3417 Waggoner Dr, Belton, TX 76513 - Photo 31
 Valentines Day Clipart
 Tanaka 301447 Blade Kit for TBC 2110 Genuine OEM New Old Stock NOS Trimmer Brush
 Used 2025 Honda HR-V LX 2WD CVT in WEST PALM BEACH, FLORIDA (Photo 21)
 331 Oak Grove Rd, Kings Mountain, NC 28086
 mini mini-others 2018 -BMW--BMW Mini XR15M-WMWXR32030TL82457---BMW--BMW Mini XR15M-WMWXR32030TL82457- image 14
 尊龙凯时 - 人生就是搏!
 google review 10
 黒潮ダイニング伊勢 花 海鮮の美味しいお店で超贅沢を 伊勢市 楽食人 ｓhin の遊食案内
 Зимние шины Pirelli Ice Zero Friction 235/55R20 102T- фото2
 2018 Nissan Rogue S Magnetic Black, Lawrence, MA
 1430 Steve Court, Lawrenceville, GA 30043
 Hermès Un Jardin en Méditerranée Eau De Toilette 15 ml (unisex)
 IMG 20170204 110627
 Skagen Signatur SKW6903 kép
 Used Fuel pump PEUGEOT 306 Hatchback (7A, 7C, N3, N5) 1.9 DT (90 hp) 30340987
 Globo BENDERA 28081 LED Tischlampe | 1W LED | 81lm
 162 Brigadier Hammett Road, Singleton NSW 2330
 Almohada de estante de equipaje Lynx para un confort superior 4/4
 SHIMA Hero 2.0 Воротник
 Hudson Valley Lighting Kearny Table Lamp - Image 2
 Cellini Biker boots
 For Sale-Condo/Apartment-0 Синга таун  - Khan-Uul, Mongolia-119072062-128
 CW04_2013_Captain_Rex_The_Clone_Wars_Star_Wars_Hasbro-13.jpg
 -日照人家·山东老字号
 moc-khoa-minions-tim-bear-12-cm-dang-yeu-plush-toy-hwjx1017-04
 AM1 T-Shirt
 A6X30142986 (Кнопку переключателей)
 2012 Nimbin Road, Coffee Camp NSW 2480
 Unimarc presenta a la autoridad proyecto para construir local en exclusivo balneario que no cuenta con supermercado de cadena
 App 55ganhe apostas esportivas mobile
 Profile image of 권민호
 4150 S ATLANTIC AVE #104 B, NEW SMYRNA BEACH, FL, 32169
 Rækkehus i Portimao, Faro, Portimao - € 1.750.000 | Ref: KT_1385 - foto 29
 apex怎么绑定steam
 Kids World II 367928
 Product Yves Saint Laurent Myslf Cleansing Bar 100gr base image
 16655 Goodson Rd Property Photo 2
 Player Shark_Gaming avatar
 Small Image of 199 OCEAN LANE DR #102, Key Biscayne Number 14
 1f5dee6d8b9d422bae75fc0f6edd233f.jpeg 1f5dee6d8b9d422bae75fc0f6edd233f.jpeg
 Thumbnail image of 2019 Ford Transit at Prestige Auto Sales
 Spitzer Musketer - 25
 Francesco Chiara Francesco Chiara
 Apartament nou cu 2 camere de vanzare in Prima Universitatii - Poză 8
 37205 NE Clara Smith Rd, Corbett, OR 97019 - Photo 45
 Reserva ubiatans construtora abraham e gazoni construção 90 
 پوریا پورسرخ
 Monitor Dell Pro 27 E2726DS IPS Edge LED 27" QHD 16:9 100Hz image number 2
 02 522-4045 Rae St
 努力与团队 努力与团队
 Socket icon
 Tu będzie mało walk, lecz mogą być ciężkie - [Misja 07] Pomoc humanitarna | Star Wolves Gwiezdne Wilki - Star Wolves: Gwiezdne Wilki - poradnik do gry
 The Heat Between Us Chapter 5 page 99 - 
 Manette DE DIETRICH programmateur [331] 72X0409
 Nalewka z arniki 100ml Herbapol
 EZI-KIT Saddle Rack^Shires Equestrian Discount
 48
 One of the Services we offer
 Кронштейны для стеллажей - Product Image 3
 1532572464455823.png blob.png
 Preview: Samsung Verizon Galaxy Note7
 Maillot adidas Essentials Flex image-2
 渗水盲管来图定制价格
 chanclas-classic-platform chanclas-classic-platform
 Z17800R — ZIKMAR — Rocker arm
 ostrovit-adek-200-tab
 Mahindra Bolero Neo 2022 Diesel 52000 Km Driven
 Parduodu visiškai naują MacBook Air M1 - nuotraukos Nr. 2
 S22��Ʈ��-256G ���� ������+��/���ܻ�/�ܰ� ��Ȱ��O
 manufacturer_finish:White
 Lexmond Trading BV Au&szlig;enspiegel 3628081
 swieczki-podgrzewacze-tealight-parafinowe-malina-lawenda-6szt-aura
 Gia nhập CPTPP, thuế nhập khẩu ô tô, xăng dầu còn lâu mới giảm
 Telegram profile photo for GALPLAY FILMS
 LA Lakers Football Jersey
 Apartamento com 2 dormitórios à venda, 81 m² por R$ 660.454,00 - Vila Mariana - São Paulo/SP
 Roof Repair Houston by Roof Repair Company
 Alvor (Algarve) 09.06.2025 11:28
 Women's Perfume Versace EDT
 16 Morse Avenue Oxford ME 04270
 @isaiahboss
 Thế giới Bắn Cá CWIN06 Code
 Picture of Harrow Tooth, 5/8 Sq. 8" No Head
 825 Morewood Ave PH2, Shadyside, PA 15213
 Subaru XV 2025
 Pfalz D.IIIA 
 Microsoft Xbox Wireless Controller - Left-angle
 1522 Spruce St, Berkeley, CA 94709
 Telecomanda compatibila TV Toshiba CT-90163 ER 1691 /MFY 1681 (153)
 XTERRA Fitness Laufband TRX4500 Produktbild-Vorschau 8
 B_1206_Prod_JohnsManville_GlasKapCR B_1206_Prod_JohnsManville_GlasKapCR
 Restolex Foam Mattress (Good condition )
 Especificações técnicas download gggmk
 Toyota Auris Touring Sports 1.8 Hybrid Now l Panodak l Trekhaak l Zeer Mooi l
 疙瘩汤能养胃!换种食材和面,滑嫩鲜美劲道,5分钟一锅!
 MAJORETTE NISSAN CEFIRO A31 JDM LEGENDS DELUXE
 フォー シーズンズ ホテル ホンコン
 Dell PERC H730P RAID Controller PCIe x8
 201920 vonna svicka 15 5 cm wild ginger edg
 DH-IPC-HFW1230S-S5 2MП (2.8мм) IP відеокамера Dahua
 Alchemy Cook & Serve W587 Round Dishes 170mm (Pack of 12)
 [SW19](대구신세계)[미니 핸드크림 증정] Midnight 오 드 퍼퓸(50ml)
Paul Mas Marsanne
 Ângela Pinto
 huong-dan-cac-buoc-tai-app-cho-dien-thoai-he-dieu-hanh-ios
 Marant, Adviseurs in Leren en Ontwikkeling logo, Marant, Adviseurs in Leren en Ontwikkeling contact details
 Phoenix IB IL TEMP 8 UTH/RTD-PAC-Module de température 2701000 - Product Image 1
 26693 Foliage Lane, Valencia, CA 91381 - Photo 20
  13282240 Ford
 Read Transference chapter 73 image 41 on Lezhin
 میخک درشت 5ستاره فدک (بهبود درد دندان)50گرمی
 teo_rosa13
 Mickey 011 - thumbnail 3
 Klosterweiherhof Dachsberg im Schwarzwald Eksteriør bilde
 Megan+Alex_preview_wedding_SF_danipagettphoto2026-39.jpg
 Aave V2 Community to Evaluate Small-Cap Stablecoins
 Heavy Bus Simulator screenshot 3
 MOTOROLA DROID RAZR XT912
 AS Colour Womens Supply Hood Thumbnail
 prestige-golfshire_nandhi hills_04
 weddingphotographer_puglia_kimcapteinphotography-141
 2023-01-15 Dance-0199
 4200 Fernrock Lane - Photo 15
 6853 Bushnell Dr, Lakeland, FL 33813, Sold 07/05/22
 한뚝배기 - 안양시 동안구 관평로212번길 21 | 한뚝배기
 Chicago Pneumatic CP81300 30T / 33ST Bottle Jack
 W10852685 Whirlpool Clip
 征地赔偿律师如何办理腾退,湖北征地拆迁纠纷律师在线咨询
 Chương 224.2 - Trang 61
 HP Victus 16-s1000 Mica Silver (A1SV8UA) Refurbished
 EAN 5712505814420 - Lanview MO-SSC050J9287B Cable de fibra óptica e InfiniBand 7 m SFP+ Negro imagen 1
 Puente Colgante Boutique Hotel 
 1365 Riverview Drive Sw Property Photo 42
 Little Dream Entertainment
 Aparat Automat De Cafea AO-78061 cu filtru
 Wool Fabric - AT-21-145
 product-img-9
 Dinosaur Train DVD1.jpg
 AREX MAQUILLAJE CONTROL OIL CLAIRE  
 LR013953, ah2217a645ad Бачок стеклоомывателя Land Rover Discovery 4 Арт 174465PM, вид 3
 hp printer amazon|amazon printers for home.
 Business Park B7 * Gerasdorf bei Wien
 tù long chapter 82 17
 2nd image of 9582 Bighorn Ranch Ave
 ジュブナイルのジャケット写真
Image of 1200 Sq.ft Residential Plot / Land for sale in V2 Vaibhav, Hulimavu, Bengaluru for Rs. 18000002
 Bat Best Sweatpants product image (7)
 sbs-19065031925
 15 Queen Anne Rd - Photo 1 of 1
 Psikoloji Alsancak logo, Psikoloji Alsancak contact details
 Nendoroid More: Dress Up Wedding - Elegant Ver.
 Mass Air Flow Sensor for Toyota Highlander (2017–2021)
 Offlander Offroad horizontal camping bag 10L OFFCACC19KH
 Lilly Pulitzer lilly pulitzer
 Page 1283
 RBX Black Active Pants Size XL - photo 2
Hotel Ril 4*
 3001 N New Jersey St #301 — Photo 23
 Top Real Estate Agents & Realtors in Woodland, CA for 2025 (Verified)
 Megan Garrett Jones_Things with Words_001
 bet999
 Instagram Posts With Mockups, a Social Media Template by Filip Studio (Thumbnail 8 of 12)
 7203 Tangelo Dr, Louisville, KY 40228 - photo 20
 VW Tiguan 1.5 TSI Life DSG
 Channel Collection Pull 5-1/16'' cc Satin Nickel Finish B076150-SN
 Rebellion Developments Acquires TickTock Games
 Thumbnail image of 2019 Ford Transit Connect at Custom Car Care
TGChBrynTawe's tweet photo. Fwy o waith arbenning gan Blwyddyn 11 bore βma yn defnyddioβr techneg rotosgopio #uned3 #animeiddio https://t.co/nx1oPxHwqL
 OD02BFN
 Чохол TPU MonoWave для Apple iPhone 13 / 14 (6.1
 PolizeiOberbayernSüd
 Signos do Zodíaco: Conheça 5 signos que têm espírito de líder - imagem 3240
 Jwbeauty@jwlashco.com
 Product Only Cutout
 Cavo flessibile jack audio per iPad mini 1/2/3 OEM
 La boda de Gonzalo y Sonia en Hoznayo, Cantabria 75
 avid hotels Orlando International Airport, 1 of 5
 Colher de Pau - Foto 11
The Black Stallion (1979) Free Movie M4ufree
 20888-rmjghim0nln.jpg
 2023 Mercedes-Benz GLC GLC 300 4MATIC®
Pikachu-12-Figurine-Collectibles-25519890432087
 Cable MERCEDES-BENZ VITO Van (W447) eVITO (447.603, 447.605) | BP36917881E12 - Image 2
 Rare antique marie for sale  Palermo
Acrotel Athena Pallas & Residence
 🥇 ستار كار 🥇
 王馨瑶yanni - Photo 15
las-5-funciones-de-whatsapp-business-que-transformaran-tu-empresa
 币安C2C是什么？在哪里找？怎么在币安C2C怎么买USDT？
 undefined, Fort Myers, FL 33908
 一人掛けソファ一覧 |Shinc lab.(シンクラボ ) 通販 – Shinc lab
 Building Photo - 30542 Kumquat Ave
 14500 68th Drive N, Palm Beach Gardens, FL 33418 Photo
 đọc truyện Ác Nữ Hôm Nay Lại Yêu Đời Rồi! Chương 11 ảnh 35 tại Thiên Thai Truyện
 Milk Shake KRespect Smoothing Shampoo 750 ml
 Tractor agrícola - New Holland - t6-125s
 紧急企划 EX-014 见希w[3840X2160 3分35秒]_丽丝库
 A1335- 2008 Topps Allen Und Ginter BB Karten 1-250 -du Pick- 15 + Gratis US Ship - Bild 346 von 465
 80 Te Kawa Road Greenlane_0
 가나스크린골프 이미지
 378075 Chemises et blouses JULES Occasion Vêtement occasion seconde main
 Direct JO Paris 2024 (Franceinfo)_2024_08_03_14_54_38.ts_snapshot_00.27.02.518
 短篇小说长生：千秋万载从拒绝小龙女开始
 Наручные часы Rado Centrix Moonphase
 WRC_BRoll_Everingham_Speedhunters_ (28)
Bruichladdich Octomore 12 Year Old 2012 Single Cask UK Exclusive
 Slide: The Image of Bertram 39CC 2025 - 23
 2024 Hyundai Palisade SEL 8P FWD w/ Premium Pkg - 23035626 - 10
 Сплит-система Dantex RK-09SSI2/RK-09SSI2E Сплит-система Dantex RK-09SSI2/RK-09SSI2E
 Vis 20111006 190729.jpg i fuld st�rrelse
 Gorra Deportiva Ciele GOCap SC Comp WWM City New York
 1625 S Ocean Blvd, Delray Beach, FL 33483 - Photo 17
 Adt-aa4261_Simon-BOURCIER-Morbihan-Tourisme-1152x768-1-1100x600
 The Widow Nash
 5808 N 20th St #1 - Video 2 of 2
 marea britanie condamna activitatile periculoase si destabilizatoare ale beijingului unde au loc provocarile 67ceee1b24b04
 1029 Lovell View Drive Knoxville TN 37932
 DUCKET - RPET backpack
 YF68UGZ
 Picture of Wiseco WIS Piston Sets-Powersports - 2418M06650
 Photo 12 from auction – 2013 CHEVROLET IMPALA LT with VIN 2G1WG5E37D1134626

**EXERCISE INSTRUCTIONS**
After locating the line holding "Heavy Bus Simulator screenshot 3" above, output exactly that line and every line after it through the line holding "AREX MAQUILLAJE CONTROL OIL CLAIRE". Include nothing else.

**ANSWER FOR THIS EXERCISE**
 Heavy Bus Simulator screenshot 3
 MOTOROLA DROID RAZR XT912
 AS Colour Womens Supply Hood Thumbnail
 prestige-golfshire_nandhi hills_04
 weddingphotographer_puglia_kimcapteinphotography-141
 2023-01-15 Dance-0199
 4200 Fernrock Lane - Photo 15
 6853 Bushnell Dr, Lakeland, FL 33813, Sold 07/05/22
 한뚝배기 - 안양시 동안구 관평로212번길 21 | 한뚝배기
 Chicago Pneumatic CP81300 30T / 33ST Bottle Jack
 W10852685 Whirlpool Clip
 征地赔偿律师如何办理腾退,湖北征地拆迁纠纷律师在线咨询
 Chương 224.2 - Trang 61
 HP Victus 16-s1000 Mica Silver (A1SV8UA) Refurbished
 EAN 5712505814420 - Lanview MO-SSC050J9287B Cable de fibra óptica e InfiniBand 7 m SFP+ Negro imagen 1
 Puente Colgante Boutique Hotel 
 1365 Riverview Drive Sw Property Photo 42
 Little Dream Entertainment
 Aparat Automat De Cafea AO-78061 cu filtru
 Wool Fabric - AT-21-145
 product-img-9
 Dinosaur Train DVD1.jpg
 AREX MAQUILLAJE CONTROL OIL CLAIRE  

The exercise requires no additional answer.